__WHAT THE TASK ASKS__:
Your reply should be a single number, the count of lines in the records that contain "Maison".

[Caption-style text data]

#####

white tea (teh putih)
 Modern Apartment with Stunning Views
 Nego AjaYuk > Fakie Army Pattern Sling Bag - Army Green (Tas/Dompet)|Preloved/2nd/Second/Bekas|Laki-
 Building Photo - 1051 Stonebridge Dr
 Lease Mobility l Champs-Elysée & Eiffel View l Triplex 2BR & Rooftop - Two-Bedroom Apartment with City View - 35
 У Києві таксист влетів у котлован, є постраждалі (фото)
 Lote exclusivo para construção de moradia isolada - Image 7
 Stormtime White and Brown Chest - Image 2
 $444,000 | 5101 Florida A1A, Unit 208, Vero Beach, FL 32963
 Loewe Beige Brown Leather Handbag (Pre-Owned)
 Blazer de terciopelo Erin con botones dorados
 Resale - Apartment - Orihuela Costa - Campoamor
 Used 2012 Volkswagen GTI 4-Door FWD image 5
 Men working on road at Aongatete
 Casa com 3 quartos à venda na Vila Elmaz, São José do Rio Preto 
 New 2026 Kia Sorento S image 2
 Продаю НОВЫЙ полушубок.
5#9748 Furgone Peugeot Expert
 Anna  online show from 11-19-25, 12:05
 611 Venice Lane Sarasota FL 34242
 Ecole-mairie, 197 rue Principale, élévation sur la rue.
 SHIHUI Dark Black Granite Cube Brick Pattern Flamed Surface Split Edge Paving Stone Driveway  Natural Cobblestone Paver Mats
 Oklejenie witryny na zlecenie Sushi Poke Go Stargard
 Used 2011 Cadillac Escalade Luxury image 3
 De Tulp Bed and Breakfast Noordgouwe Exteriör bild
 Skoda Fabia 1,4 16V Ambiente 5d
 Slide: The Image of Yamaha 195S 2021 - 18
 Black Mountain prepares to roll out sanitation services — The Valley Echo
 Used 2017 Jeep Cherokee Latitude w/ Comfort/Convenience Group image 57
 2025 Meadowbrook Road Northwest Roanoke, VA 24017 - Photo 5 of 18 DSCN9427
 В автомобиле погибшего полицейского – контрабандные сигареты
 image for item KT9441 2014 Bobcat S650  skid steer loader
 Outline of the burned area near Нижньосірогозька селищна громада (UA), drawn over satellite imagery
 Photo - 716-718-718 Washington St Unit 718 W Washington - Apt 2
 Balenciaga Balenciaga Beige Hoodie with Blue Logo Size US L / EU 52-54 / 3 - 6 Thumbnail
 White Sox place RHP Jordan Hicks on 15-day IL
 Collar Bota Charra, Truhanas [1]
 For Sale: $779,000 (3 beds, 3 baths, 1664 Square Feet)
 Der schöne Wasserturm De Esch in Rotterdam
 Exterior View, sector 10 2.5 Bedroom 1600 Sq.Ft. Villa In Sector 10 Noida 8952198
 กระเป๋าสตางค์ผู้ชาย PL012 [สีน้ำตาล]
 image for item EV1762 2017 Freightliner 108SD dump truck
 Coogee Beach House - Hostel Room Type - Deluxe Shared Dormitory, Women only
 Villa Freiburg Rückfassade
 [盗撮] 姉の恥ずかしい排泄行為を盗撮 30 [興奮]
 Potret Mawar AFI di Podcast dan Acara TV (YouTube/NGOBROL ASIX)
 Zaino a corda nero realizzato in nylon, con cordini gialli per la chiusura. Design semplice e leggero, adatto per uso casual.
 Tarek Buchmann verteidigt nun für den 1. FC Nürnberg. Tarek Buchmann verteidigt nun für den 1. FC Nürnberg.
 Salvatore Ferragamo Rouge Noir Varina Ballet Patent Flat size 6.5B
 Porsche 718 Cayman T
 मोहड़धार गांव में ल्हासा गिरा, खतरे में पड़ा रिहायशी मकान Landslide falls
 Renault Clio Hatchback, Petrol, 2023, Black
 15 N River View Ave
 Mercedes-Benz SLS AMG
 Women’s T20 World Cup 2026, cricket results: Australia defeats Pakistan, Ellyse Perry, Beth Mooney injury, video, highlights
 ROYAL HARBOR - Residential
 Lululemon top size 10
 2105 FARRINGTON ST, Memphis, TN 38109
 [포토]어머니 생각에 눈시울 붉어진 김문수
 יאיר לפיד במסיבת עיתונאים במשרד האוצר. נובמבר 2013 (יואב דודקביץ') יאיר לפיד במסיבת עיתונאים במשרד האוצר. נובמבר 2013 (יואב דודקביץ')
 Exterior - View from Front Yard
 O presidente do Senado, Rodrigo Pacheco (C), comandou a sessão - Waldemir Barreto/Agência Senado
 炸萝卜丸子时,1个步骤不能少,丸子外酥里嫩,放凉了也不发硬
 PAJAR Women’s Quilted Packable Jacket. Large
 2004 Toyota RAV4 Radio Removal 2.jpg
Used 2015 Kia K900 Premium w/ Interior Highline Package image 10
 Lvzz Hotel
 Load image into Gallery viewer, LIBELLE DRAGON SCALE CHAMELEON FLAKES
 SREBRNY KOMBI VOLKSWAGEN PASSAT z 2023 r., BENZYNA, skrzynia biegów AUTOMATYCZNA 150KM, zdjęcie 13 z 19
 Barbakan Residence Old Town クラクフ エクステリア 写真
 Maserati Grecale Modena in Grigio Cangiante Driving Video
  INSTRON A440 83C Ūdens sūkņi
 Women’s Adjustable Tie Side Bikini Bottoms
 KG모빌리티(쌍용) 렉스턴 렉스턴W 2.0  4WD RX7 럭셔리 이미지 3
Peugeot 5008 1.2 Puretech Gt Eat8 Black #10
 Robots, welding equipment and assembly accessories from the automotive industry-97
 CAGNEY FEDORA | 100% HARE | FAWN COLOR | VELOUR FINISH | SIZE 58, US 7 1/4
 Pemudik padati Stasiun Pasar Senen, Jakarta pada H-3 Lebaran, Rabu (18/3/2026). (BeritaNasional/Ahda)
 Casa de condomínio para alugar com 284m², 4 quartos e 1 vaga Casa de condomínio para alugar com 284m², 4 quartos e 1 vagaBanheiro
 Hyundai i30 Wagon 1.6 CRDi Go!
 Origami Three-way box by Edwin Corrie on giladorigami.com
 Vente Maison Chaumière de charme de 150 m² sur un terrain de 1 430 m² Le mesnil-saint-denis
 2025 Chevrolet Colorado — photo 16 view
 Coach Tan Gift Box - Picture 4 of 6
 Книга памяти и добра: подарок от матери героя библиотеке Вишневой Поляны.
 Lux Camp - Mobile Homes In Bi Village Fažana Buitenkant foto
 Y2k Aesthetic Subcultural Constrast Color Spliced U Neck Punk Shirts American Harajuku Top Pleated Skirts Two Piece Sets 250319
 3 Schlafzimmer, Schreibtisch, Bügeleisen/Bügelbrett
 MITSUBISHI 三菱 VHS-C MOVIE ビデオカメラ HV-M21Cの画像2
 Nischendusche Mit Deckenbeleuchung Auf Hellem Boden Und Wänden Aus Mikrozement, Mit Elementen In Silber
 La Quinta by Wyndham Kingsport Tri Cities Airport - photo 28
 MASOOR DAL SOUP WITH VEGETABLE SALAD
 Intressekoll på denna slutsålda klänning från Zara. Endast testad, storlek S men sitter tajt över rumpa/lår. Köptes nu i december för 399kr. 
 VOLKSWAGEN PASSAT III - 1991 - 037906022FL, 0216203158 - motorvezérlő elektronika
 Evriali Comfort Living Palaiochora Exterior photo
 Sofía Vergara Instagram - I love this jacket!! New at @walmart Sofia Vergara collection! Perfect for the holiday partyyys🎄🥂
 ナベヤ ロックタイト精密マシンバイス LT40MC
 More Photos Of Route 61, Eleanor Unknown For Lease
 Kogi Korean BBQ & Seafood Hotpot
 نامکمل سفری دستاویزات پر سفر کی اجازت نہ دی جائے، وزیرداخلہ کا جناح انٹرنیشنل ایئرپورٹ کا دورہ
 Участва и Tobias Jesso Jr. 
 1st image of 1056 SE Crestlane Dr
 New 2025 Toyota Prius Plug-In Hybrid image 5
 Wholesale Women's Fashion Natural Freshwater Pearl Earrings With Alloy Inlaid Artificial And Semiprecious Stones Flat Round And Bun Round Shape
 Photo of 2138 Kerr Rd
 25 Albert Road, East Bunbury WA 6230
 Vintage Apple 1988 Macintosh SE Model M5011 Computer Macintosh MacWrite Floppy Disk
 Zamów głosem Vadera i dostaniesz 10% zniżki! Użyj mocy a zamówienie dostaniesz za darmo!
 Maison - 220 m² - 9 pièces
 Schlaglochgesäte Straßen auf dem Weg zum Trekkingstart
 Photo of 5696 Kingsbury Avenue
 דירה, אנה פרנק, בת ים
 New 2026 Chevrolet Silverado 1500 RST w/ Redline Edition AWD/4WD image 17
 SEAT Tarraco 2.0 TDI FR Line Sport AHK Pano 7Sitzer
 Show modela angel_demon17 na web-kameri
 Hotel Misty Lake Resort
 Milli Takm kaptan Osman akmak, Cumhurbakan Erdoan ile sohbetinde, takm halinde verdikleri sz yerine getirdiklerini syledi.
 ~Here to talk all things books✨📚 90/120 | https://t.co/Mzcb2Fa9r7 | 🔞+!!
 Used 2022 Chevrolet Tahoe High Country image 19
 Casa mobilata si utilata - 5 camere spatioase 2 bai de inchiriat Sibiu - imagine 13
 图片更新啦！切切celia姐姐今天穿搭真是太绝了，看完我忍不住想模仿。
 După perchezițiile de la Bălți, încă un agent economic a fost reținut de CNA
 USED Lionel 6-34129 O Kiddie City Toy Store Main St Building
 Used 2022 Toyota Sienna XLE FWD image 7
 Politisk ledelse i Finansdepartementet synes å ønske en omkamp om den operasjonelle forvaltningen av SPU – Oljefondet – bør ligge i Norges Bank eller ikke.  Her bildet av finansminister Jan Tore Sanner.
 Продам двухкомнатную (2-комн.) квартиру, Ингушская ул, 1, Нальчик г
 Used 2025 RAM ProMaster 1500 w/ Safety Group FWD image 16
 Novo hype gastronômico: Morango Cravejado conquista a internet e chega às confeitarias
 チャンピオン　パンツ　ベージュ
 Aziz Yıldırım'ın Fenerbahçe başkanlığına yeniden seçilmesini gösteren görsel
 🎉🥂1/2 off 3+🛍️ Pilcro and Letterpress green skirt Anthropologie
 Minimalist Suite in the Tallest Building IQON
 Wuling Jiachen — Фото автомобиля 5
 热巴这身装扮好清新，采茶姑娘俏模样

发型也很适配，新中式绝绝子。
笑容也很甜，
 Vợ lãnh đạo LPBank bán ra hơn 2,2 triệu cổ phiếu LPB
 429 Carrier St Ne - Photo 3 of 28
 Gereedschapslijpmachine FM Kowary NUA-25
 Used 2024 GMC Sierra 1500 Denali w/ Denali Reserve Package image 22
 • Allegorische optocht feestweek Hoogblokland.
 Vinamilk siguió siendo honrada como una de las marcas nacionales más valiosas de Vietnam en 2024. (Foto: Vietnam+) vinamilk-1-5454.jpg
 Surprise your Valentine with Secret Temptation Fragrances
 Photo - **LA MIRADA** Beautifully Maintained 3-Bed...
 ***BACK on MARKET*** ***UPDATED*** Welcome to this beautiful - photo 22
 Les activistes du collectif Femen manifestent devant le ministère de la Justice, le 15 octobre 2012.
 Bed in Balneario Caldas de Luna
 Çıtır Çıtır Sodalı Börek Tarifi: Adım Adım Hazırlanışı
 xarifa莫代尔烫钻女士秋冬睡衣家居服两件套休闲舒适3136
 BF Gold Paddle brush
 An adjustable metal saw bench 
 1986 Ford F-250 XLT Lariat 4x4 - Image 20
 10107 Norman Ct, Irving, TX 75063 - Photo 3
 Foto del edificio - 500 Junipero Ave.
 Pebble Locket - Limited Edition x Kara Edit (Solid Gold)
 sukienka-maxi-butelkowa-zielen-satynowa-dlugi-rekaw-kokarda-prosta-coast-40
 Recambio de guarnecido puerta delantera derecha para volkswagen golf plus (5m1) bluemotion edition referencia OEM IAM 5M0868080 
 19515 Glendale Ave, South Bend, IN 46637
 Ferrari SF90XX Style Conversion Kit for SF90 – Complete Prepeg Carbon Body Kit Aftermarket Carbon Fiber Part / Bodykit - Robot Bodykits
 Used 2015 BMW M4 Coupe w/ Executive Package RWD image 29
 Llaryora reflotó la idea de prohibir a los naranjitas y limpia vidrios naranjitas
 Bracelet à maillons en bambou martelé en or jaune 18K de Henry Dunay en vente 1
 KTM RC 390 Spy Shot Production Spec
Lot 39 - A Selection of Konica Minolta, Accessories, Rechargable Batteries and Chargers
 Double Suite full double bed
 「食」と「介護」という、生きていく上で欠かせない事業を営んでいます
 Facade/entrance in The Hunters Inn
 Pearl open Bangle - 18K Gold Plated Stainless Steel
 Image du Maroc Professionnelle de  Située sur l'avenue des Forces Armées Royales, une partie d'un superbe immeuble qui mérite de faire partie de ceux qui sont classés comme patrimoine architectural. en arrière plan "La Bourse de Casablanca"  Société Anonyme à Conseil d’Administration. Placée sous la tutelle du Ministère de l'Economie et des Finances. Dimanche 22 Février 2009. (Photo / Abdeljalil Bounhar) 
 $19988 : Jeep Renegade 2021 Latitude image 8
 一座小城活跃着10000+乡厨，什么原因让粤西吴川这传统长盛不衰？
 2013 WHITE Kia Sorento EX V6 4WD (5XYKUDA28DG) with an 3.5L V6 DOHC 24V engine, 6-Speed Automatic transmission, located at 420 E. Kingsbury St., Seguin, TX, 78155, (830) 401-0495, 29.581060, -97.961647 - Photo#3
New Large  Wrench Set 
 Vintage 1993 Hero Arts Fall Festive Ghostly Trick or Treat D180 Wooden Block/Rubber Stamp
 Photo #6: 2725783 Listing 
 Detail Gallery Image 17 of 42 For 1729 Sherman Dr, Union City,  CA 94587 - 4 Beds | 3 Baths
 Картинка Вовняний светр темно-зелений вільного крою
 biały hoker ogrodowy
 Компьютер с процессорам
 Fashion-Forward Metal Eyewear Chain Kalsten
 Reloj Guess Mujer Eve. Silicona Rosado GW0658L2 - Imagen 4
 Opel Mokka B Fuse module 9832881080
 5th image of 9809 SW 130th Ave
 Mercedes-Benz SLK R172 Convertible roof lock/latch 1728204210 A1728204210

#####

__TASK OUTPUT__:
2